Throughout these two weeks, through no calculation of my own, I read two books where people witness their fellow humans literally eating other people, yet have more zest for life and hope for the future than I do. In City of Thieves, a story of two young Russian men during the second world war, one a teenager and the other a young soldier, the story spans across a week. The boys are on a mission for their lives and freedom, another reality where people have started eating pets rather than feed them food to keep them alive. Their mission seems impossible, painful, and because it is winter in Russia, unbearably cold.
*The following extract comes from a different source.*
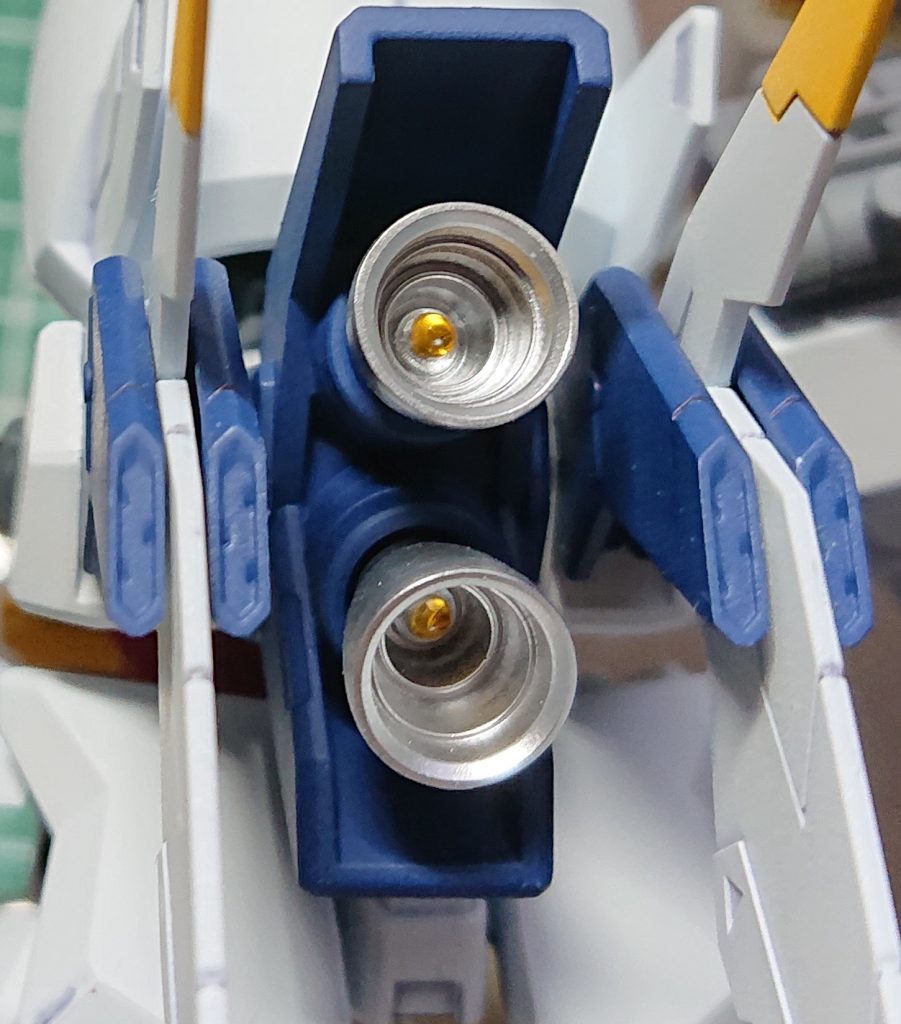 バーニアはジャンクパーツに置き換えて、中にラインストーンを仕込みました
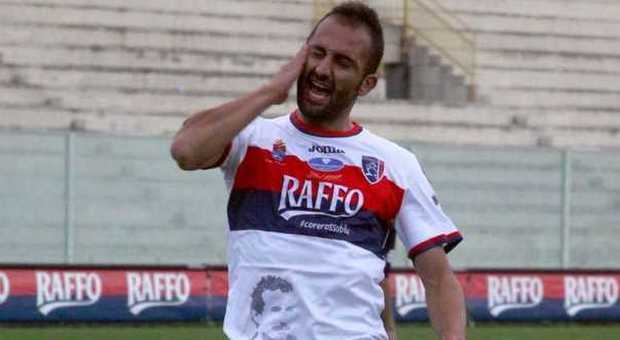 Taranto, Gennaro Esposito scrive ai tifosi: "Col gesto degli schiaffi non volevo mancare di rispetto a nessuno"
And yet still no one just lays down and dies.
I go for a walk on one of my days off and wonder if my negativity is a problem of ratios. Like, perhaps I spend too much social time in service of others. Of course, it is a meaningful thing to bring people food, one of the most necessary things, really but it hurts more with each passing year. How can I not be of service? I can stay home. Maybe there is a subconscious conditioning where my mind has worn a groove that says if I go out that front door and interact with the world, they are going to ask me for things. I see people as potential favor-askers rather than for the beautiful beings that they are. I fight a whisper of resentment at Andrea and Meg because they interact with a world that financially bolsters them as artists. And this resentment is all the more petty and irrational being that Andrea’s heart no longer beats on this earth.
I fight the urge to order Postmates and hunker down when we finally get a sunny November day. I hit the pavement in the early afternoon. Most of the puddles have dried up, but there’s a residual moisture that is sensed through vivid greens of every sprout where there was once hard-packed earth. The succulents that border the road have plumped. I walk past a new memorial on Vista del Mar across from a spot where I would sometimes come across an orange tabby who liked to get chin scritches from strangers like me. Different colored pebbles spell out the name, “LEO,” and someone has painted a cat curled up on a flat stone. I walk along the beach path, passing people, some who smile, some who don’t make eye contact. I miss Leo.
I buy a pocket journal for sketching at the paperie downtown and sketch an absurd sign about watching one’s step while listening to Greek EDM music and eating a Gyro bowl. On the way home, I see a man on a skateboard whose dog is leashed and riding his own skateboard. My loneliness is a wool coat that protects me from the setting sun. It’s a frozen ocean that I cut across to recharge for my next shift. The world really isn’t so bad.
Send this to someone who is becoming a nihilist, so they can read books with both cannibalism and hope. It’s like a prescription but better. Doctors don’t know shit.